#### EXTRACTED INFORMATION
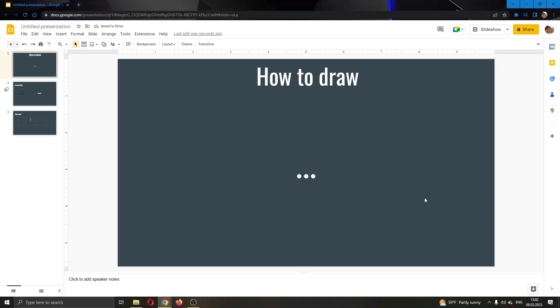Hey everybody, what's up and welcome back to today's video guys. And today guys, I will be showing you how to draw in your Google Slides presentation.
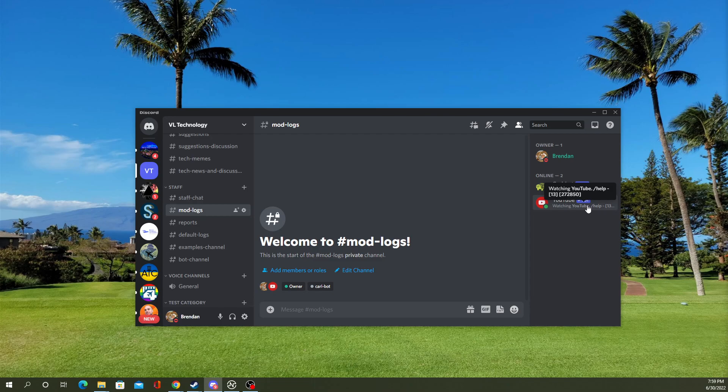This lets you add individual members who maybe you don't necessarily want to have a role specifically for it, or just any reason like that. Anyway, thanks for watching. Please remember to like and subscribe.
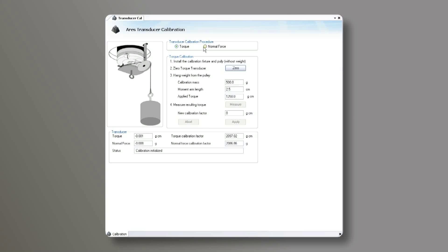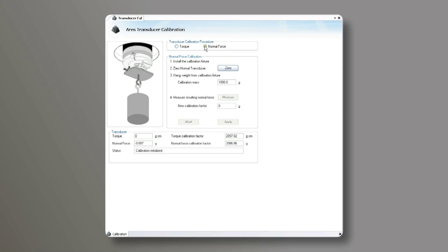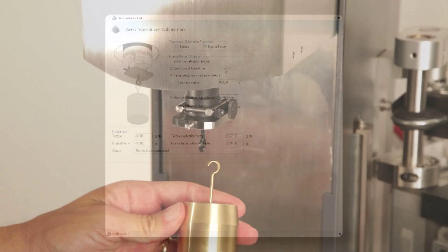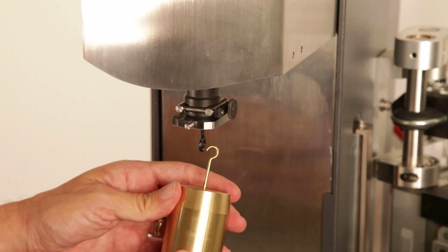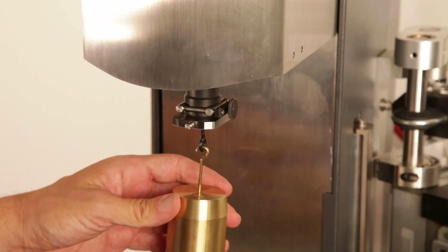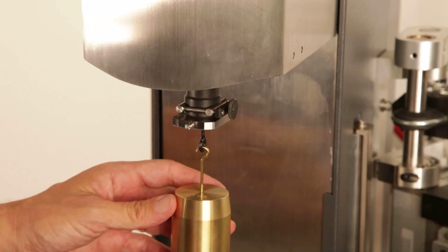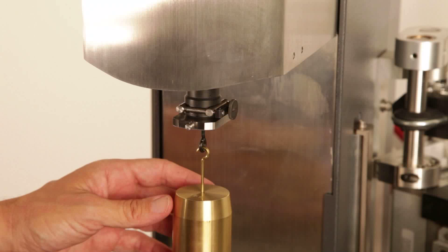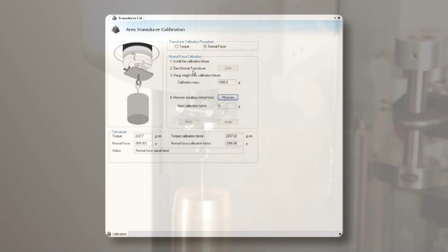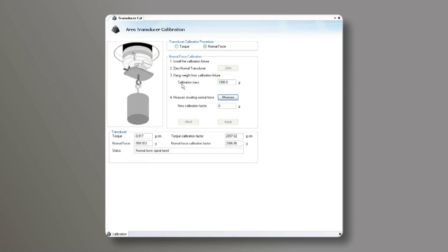To perform the normal force calibration, choose Normal Force in the calibration window. With the calibration fixture still on the transducer shaft, choose Zero and wait for the Zero step to complete. Hang the 1000 gram weight directly on the calibration fixture. Settle the weight to minimize any swinging. Next, choose Measure from the calibration window.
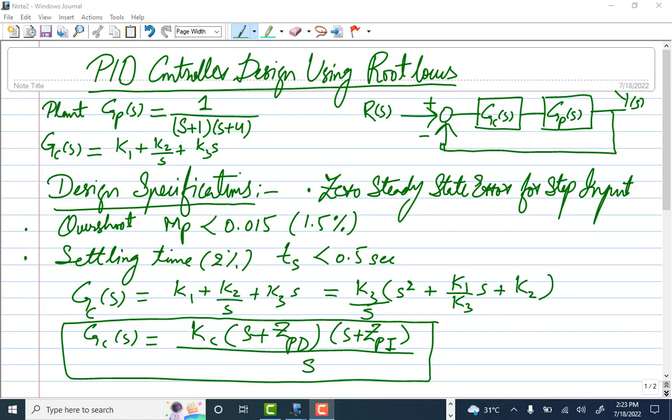We discuss PID control design using root locus. The plant is given as Gp(s) = 1 / [(s+1)(s+4)]. We consider unity feedback. The PID controller is represented where the P part is gain k1, the I part is k2 divided by s, and the D part is k3*s.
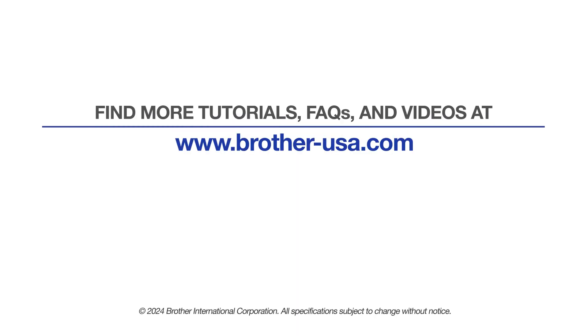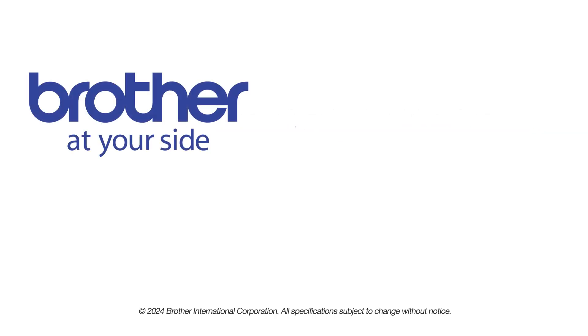For more tutorials, FAQs, and videos, visit us at www.brother-usa.com. If you found this video helpful, be sure to subscribe. Thank you for choosing Brother.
########
- _ABOUT THIS TASK_
Since the pictures are not wanted, set down only the rest of each record, exactly as above.

- _COMPLETED EXERCISE_
Hey everybody, what's up and welcome back to today's video guys. And today guys, I will be showing you how to draw in your Google Slides presentation.
This lets you add individual members who maybe you don't necessarily want to have a role specifically for it, or just any reason like that. Anyway, thanks for watching. Please remember to like and subscribe.
To perform the normal force calibration, choose Normal Force in the calibration window. With the calibration fixture still on the transducer shaft, choose Zero and wait for the Zero step to complete. Hang the 1000 gram weight directly on the calibration fixture. Settle the weight to minimize any swinging. Next, choose Measure from the calibration window.
We discuss PID control design using root locus. The plant is given as Gp(s) = 1 / [(s+1)(s+4)]. We consider unity feedback. The PID controller is represented where the P part is gain k1, the I part is k2 divided by s, and the D part is k3*s.
For more tutorials, FAQs, and videos, visit us at www.brother-usa.com. If you found this video helpful, be sure to subscribe. Thank you for choosing Brother.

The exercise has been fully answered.